LISTED ENTRIES
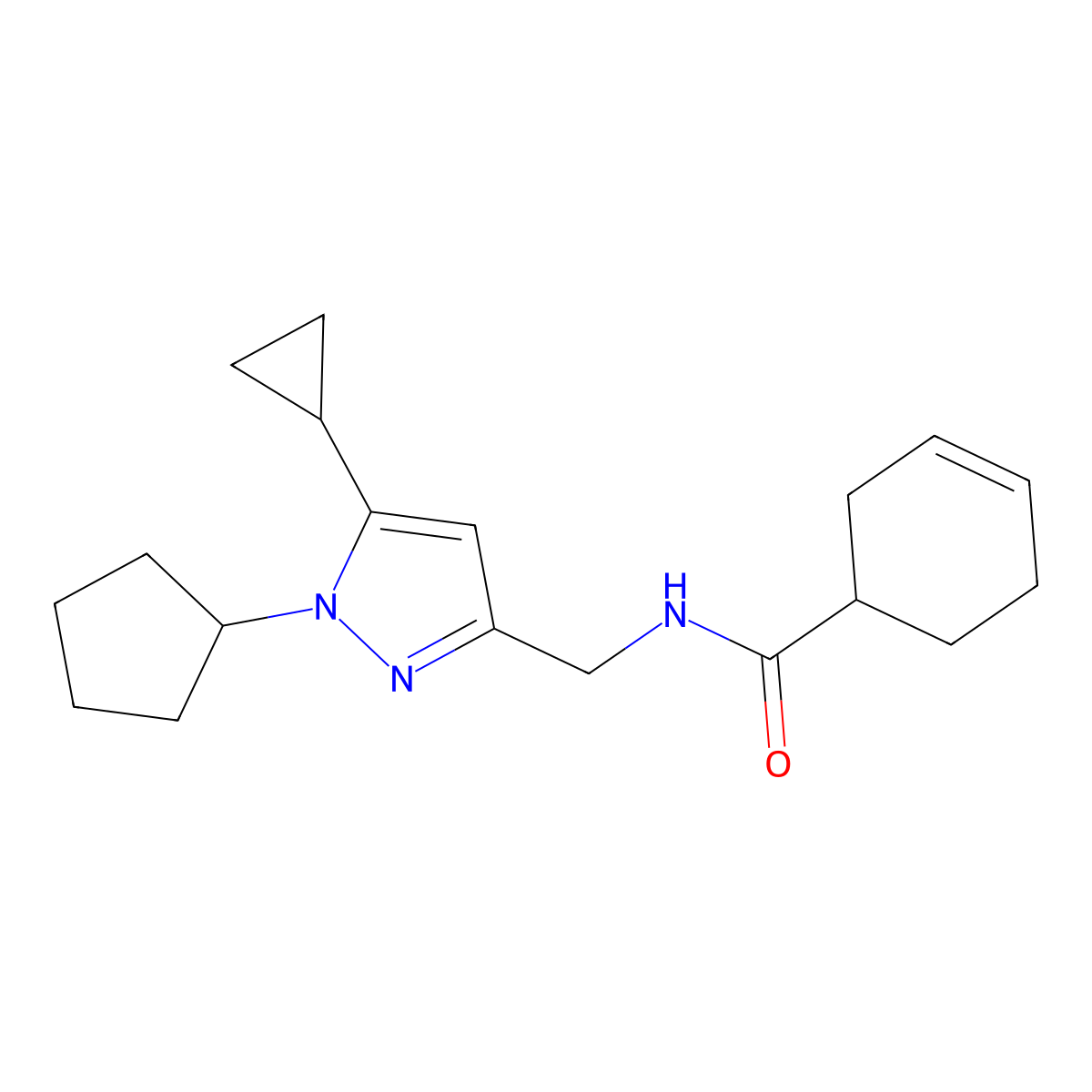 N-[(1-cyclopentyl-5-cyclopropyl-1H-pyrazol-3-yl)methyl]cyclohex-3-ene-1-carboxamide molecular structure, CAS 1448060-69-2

--

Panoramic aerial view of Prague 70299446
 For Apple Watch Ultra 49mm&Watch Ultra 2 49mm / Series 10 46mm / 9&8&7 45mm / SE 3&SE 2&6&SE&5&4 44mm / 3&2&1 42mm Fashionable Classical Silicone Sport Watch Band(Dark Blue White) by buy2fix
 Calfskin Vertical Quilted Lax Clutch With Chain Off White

---

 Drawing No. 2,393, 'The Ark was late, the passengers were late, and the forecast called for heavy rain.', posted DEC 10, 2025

TASK INSTRUCTIONS
In the records above, the line with "Panoramic aerial view of Prague 70299446" marks the start and the line with "Calfskin Vertical Quilted" marks the end; copy that stretch exactly, both lines included, and nothing else.

RESULT FOR THIS EXERCISE
Panoramic aerial view of Prague 70299446
 For Apple Watch Ultra 49mm&Watch Ultra 2 49mm / Series 10 46mm / 9&8&7 45mm / SE 3&SE 2&6&SE&5&4 44mm / 3&2&1 42mm Fashionable Classical Silicone Sport Watch Band(Dark Blue White) by buy2fix
 Calfskin Vertical Quilted Lax Clutch With Chain Off White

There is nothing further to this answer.